4. If you have one use a ND filter. a 6-8 stop filter would be good there. Better yet.. A circular polarizer would really make the colors pop..

Word of advise...stay away from hdr for the next two months and learn basic shooting techniques. Then once you get it out of your system...sit back and marvel at your wonderful non hdr pictures... j/k

oh and BTW.... for a good hdr you will want 3-5 shot at different stops. 

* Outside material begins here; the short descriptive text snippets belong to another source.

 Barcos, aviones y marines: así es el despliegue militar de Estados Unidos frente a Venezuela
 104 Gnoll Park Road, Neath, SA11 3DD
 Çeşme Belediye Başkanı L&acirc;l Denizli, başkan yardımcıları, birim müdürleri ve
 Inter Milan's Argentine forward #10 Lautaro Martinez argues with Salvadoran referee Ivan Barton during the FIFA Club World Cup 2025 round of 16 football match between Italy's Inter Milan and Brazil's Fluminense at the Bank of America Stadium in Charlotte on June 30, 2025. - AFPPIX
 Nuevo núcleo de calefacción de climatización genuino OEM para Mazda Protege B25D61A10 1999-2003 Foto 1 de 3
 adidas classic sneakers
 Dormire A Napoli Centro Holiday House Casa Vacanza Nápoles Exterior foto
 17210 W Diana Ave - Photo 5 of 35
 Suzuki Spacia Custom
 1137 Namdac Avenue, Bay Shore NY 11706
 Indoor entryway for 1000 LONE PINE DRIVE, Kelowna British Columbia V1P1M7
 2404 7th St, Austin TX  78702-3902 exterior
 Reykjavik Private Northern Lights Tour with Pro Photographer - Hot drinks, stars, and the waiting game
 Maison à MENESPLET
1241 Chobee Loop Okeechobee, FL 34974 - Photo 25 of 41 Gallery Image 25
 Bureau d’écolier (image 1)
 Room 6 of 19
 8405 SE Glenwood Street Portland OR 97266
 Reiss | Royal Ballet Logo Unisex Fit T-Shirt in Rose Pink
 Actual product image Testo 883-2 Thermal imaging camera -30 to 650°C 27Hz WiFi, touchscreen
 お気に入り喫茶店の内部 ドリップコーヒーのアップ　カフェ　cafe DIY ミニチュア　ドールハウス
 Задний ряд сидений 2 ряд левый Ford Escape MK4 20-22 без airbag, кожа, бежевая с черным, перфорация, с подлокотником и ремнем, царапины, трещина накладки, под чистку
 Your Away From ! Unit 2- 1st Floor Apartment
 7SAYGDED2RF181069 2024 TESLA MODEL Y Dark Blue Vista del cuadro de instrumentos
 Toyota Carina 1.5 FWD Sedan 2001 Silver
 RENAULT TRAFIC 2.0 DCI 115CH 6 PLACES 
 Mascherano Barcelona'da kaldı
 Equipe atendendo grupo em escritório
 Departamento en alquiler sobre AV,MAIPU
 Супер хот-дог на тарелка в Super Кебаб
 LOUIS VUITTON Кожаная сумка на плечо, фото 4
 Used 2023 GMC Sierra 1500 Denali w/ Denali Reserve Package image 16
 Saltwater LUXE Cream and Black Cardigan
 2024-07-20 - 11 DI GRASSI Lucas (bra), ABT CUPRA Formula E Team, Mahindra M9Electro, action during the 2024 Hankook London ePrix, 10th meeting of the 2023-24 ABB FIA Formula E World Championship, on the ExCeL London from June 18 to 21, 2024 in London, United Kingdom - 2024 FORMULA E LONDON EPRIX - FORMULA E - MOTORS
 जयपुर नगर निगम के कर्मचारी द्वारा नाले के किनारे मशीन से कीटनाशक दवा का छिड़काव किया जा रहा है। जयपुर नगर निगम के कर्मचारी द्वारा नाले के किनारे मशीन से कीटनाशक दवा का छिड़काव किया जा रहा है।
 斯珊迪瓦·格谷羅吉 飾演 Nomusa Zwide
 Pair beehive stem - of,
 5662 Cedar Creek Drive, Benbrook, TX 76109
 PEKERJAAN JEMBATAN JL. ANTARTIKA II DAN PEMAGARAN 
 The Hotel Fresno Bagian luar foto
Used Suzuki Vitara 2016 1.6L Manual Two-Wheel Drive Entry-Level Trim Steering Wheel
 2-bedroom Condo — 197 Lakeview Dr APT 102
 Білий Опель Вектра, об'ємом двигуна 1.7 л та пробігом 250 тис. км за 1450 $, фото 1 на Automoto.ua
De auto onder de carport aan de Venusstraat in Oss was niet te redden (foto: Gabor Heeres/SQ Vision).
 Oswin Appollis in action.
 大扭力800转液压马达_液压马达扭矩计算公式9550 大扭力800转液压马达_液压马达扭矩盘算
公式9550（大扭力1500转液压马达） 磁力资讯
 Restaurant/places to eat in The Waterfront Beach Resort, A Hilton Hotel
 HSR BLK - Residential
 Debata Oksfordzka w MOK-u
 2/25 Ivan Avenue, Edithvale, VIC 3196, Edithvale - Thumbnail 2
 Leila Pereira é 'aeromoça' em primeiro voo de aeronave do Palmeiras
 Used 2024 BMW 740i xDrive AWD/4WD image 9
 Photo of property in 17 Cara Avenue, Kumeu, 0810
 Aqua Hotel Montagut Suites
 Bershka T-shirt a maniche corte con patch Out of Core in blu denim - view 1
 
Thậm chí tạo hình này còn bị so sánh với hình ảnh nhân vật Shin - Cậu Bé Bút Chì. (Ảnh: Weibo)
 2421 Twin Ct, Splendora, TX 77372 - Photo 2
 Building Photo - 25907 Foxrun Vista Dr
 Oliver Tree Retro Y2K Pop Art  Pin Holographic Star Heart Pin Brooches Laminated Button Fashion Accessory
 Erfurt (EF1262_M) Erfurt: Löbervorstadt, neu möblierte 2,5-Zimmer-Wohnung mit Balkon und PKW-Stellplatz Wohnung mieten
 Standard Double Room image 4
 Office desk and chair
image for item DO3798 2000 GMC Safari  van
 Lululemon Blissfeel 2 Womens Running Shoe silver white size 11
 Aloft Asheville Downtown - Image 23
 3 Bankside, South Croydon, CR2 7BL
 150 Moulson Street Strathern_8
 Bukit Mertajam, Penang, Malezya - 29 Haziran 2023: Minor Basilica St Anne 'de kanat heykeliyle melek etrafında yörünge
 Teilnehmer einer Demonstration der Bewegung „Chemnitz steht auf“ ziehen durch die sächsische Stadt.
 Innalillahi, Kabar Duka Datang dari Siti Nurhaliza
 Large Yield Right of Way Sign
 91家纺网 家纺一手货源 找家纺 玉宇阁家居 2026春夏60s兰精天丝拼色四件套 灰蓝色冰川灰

but seriously hdr does have a place but this is just not one of them.. Truthfully a good filter would really make that scene pop.


----------



## Mulewings~ (Jan 12, 2010)

What does the original look like?  Could you post it?
I think it would help. 

The mtn looks off as do the colors,...that could be from HDR.


----------



## HikinMike (Jan 12, 2010)

Sachphotography said:


> ..... ehem....clearing my throat!!!.....hackemmmm...
> 
> OK... THIS SHOT IS NOT HDR MATERIAL!!!!!!
> Why on earth would you need HDR there.. A properly exposed shot would yeild a much better sharper image. I would shot it like this....
> ...



While I do agree this is not HDR material, but why f/18-20 and 1/8 - 1/2 sec? You not trying to show movement, unless you want to see trees moving.


----------



## brazilnutjr (Jan 12, 2010)

Sachphotography said:


> ..... ehem....clearing my throat!!!.....hackemmmm...
> 
> OK... THIS SHOT IS NOT HDR MATERIAL!!!!!!
> Why on earth would you need HDR there.. A properly exposed shot would yeild a much better sharper image. I would shot it like this....
> ...



Thank you Dan for the reality check and the tips.  (LOL)  I have much to improve, no doubt.  Thank you for sharing how you would have shot this.  I will continue to focus on the basics and hopefully make better contributions soon.  (Back to the old drawing board...


----------



## themedicine (Jan 12, 2010)

well, let me just say that this COULD have made a good HDR photo if you had taken more than two photos. Normally a minimum for HDR is three, and average around five. That way you can really underexpose and overexpose in the extremes, thus granting you with more dynamic range. Not just two photos of the same thing smushed together.

just saying.

go back and do it again!!


----------



## rallysman (Jan 12, 2010)

HDR could have worked here but wasn't necessary. If you don't have ND and Polarizing filters as previously mentioned it would be a decent substitute for them. 

Look up how to use bracketing on the D70 and set it for continuous shooting. Rattle off 3 pix @ ISO 200 with aperture priority of f18 or something in that range (for a larger DOF depending on subject distance). Mix those three and practice until it looks real, not too contrasty or like a painting. Make sure you keep the camera as still as possible.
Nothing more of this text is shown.